◆ Task material ◆

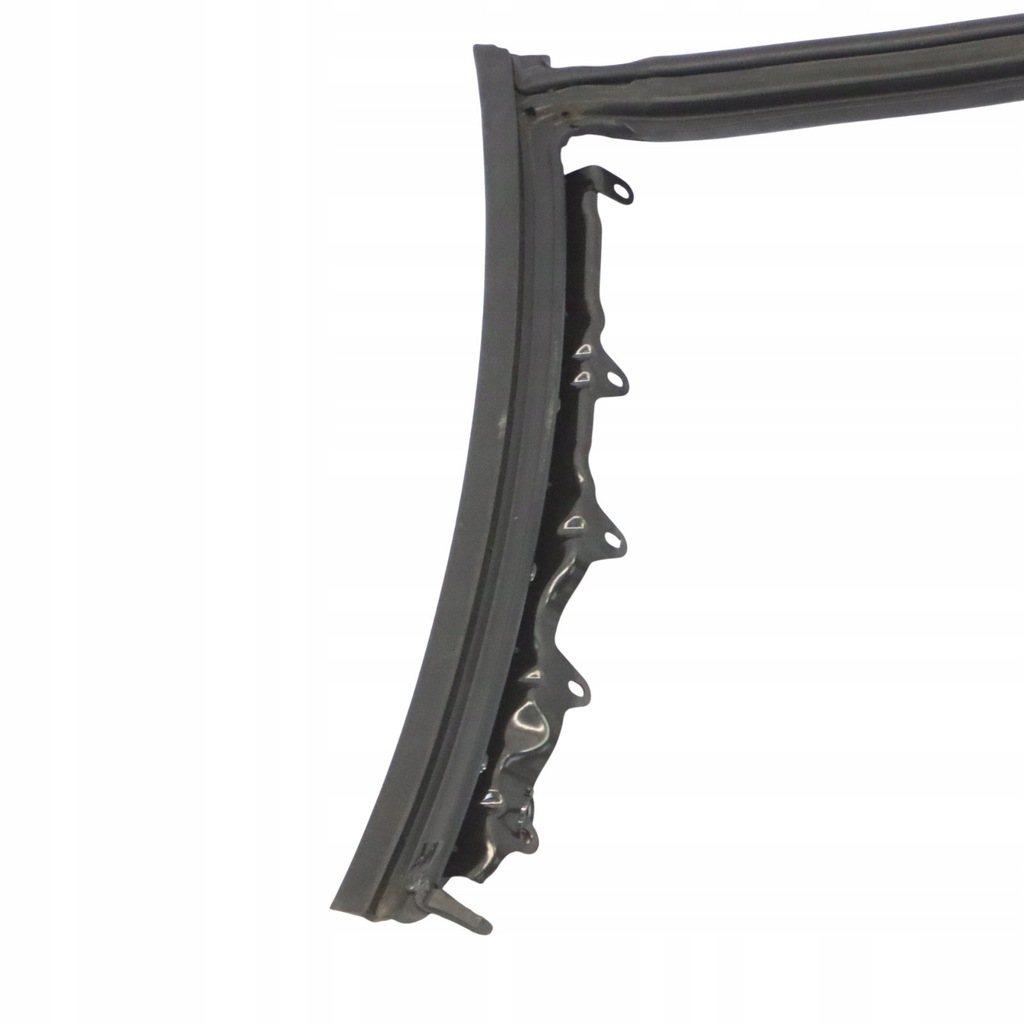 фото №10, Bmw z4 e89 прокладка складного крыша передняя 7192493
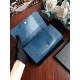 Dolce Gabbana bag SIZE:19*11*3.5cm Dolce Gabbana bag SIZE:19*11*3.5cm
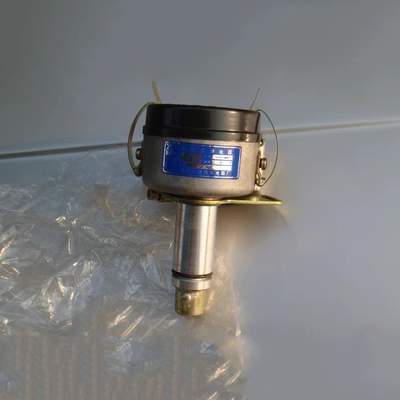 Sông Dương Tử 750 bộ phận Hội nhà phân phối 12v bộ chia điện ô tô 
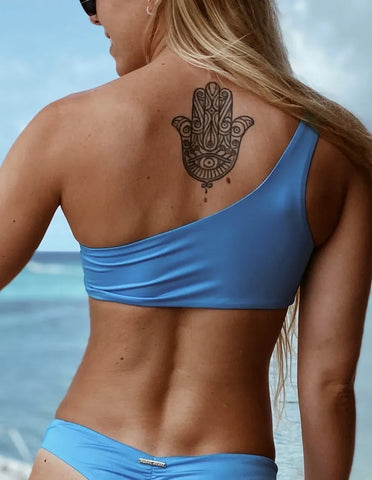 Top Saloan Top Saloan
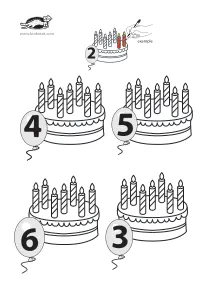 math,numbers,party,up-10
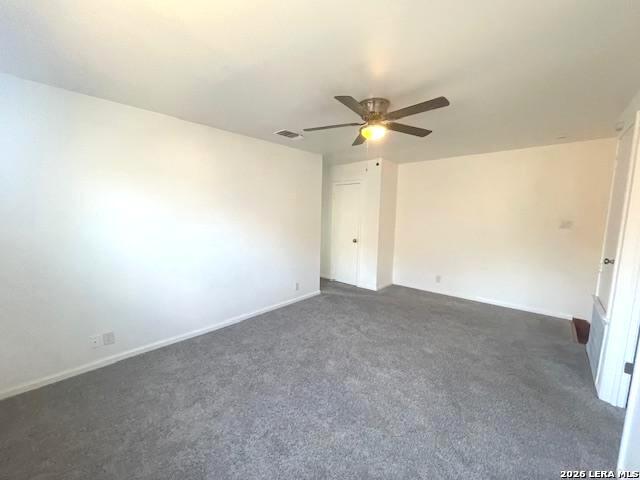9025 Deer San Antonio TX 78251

* * *

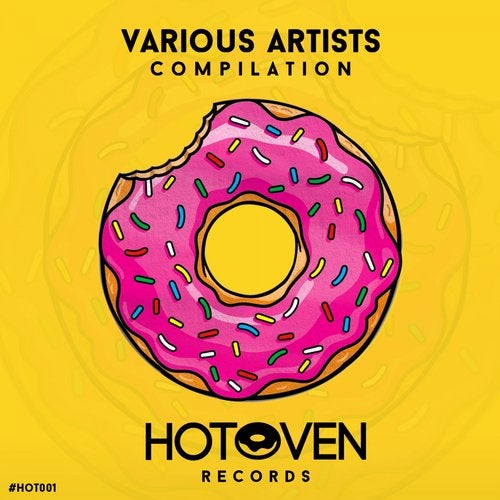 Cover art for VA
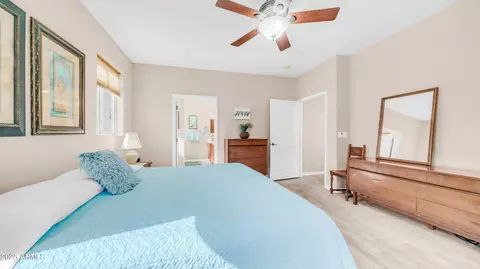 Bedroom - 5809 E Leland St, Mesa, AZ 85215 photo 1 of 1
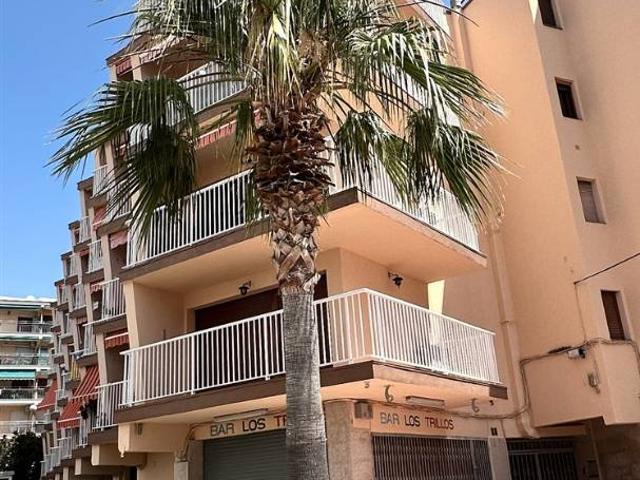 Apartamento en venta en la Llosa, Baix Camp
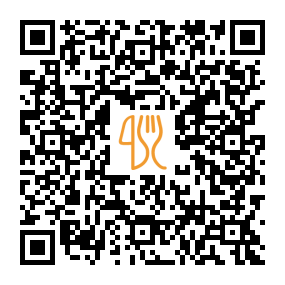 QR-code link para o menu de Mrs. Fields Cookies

◆ Task details ◆
While skipping the pictures, transcribe the data above from the line showing "Bedroom - 5809" through the line showing "QR-code link para", exactly and with both ends.

◆ Your response ◆
 Bedroom - 5809 E Leland St, Mesa, AZ 85215 photo 1 of 1
 Apartamento en venta en la Llosa, Baix Camp
 QR-code link para o menu de Mrs. Fields Cookies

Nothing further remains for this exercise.